:: Activity ::
Once you find the line with "Slatka ružičasta silikonska" in the data below, transcribe exactly each line from there to the line with "Folding parasol JIS", inclusive, and nothing else. Drop the pictures.

:: Data for review ::
---

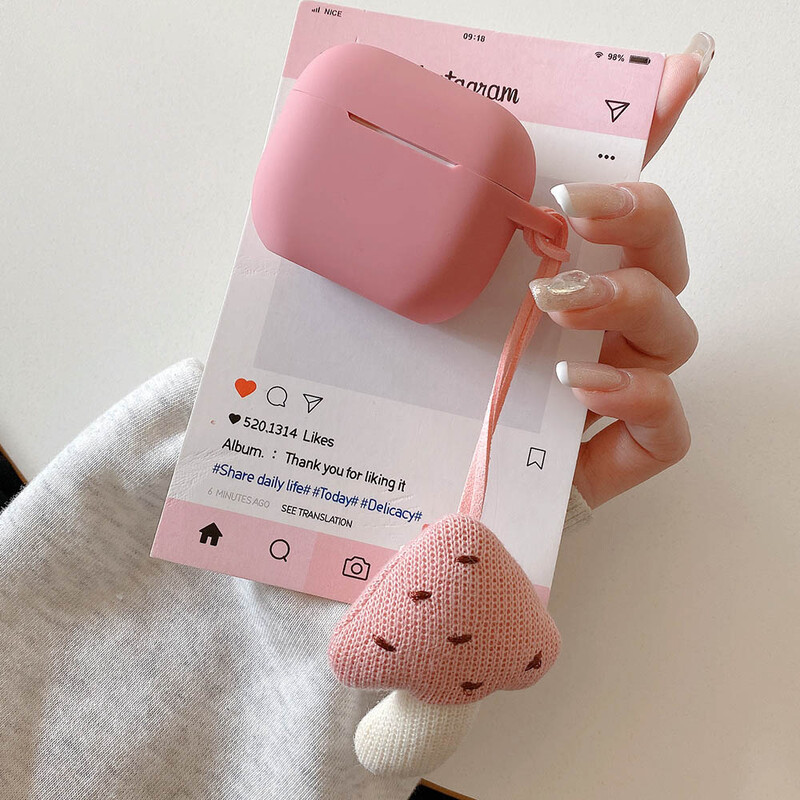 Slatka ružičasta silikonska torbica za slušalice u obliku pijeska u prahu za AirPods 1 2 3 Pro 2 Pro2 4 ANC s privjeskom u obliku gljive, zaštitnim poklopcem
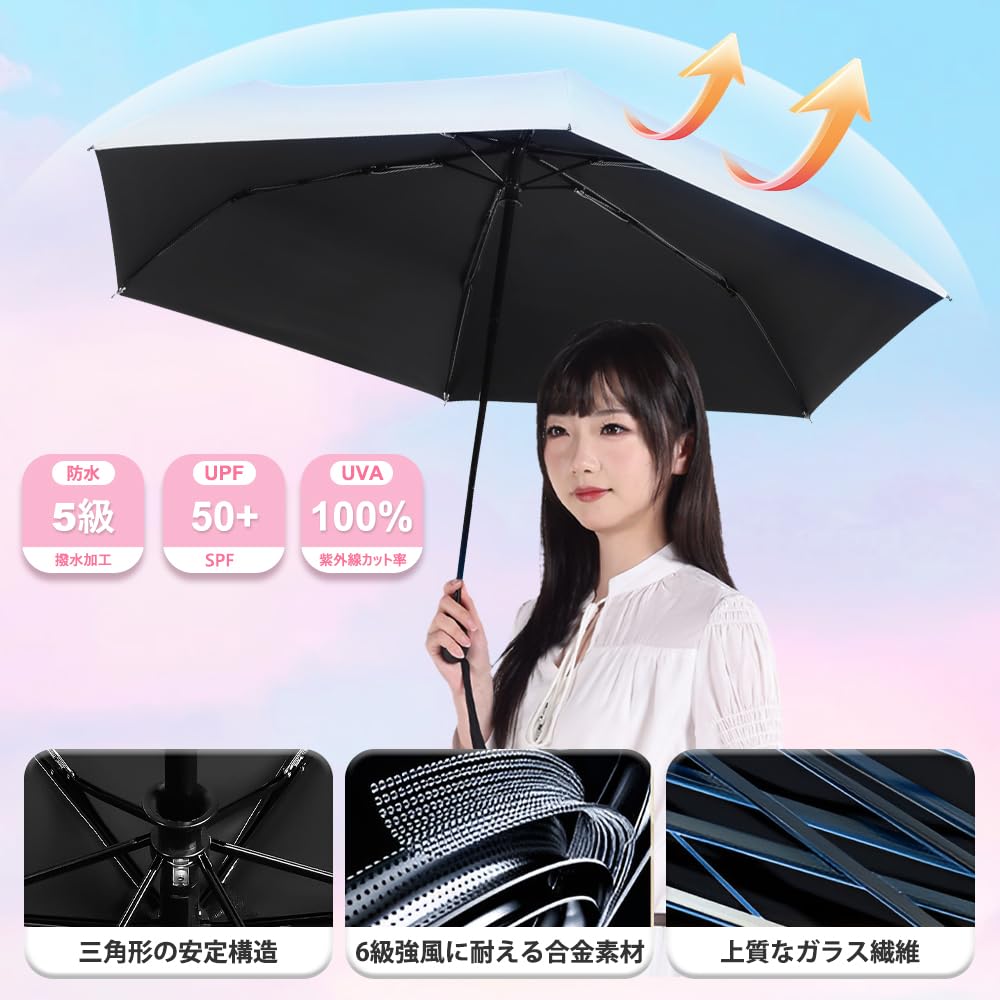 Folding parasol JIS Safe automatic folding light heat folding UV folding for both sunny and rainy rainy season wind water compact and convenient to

---

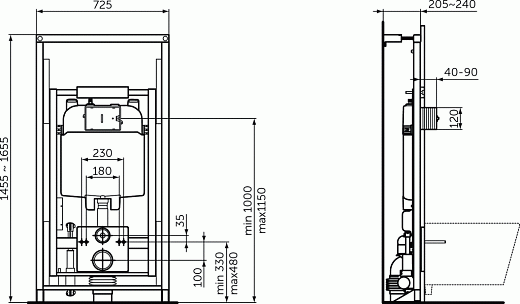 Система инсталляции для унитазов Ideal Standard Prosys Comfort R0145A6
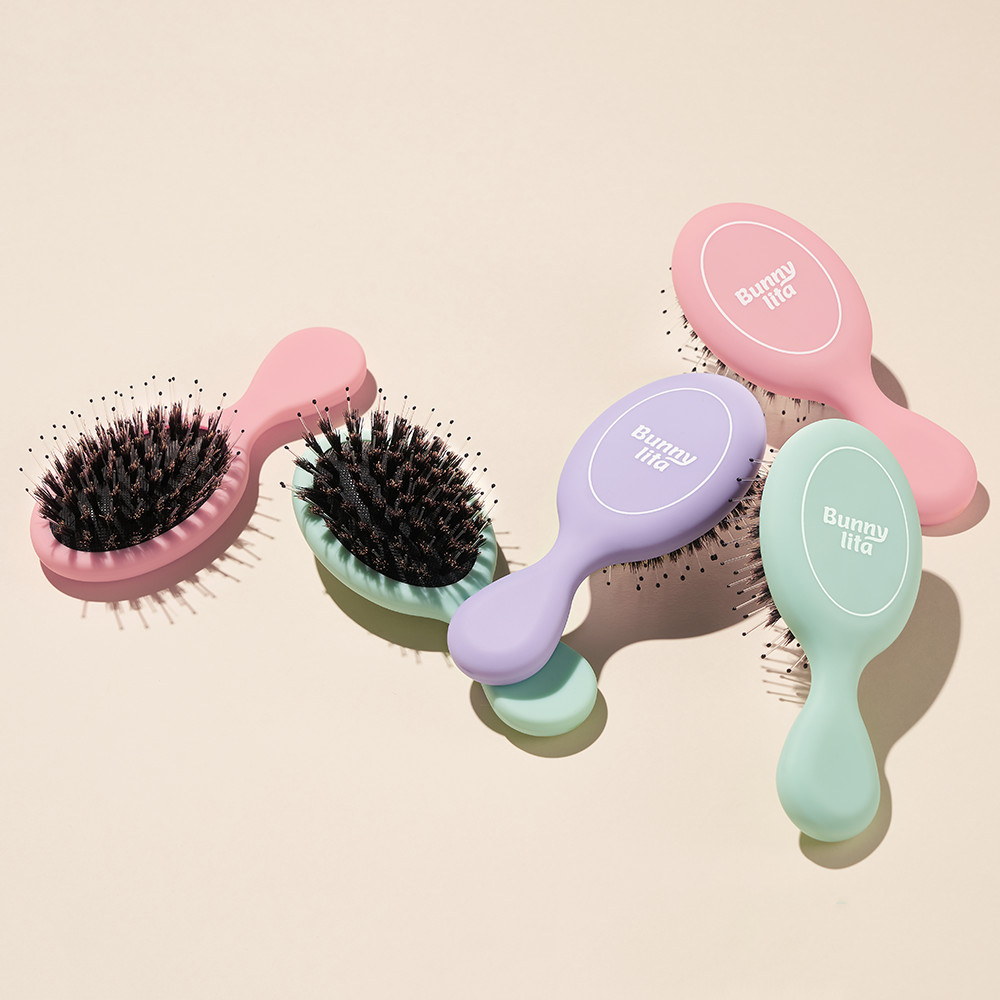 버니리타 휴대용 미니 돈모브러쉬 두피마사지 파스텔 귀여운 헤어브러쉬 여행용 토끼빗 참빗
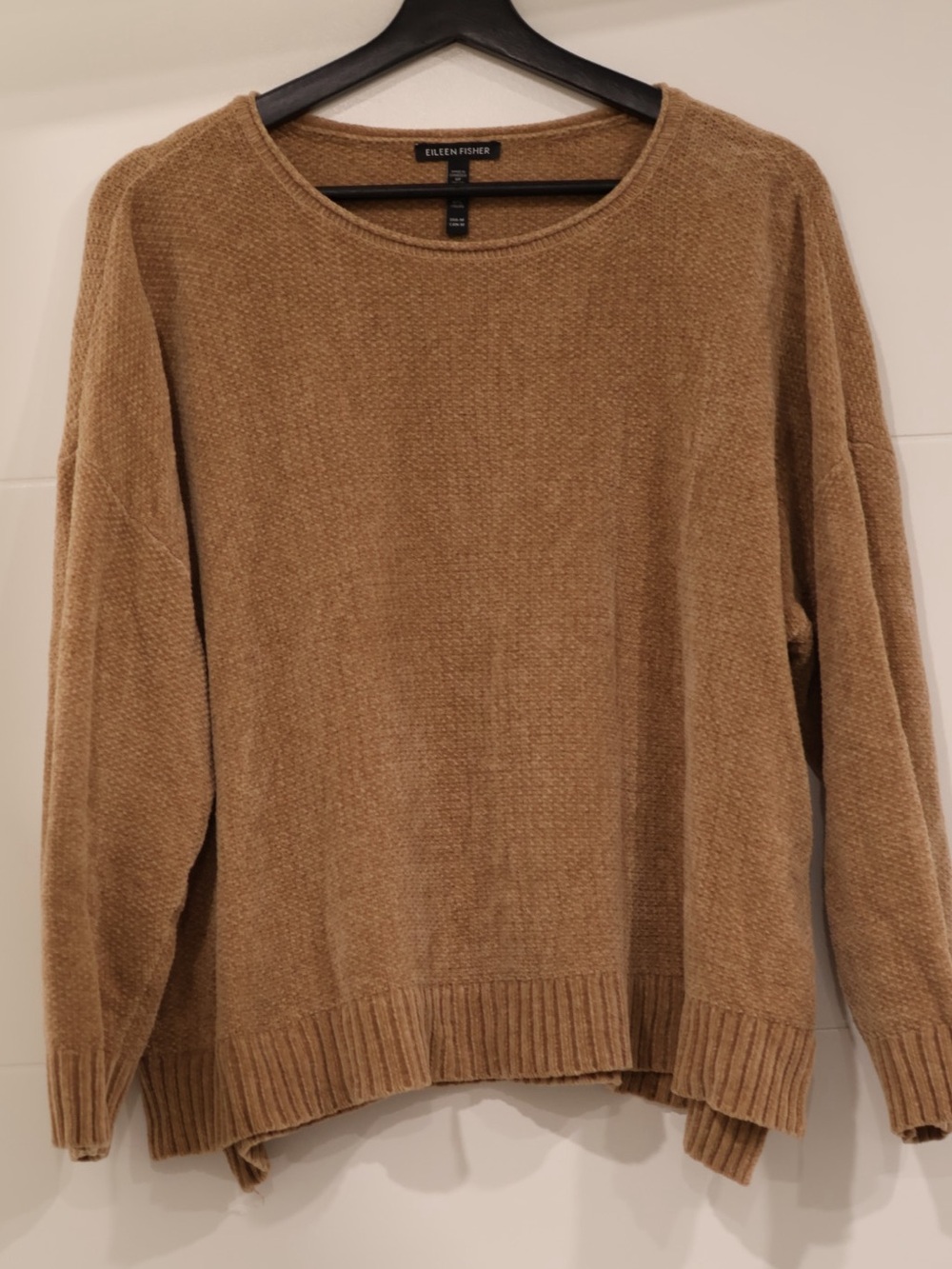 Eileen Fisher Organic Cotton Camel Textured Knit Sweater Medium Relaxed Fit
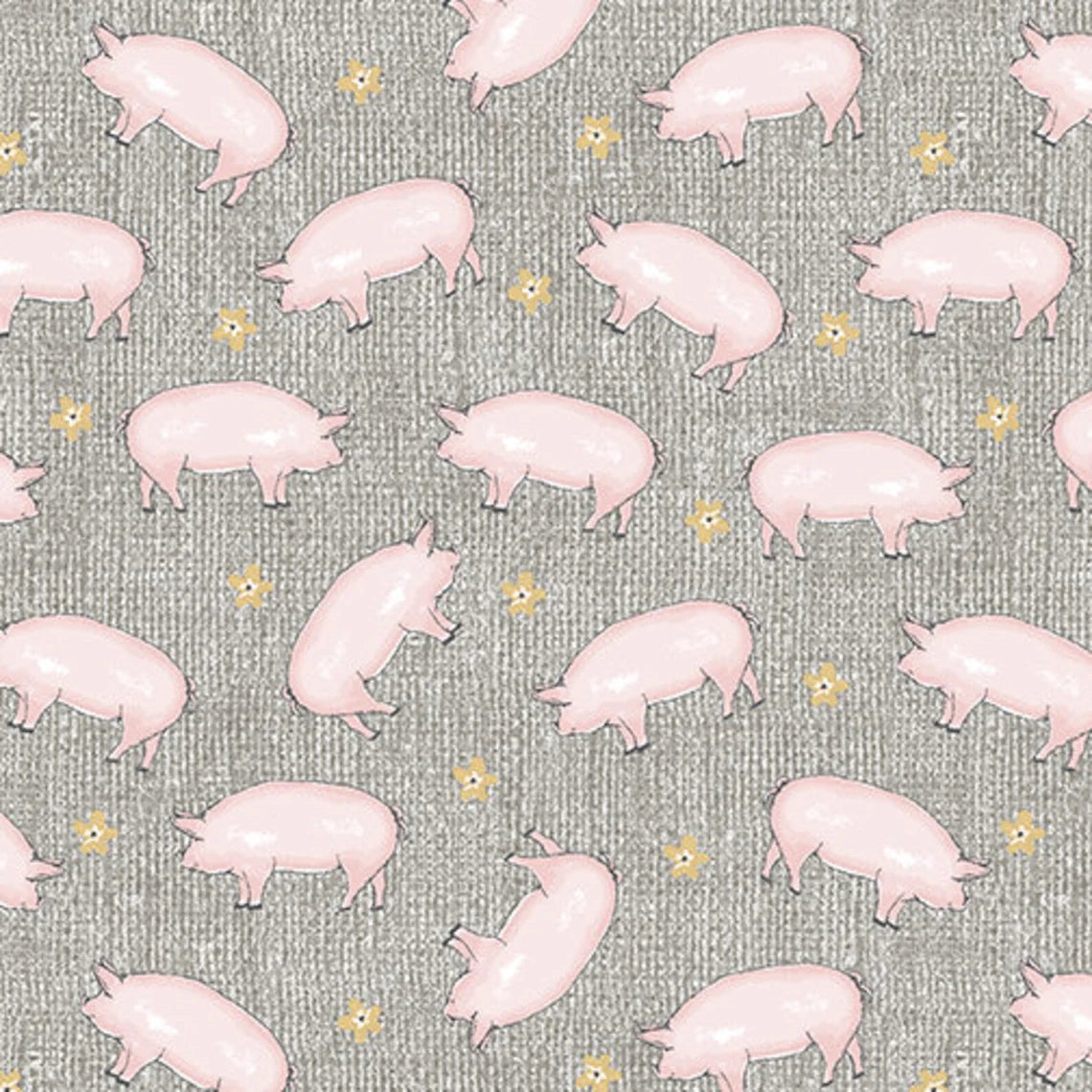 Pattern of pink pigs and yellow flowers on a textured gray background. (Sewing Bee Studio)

---

:: Exercise output ::
 Slatka ružičasta silikonska torbica za slušalice u obliku pijeska u prahu za AirPods 1 2 3 Pro 2 Pro2 4 ANC s privjeskom u obliku gljive, zaštitnim poklopcem
 Folding parasol JIS Safe automatic folding light heat folding UV folding for both sunny and rainy rainy season wind water compact and convenient to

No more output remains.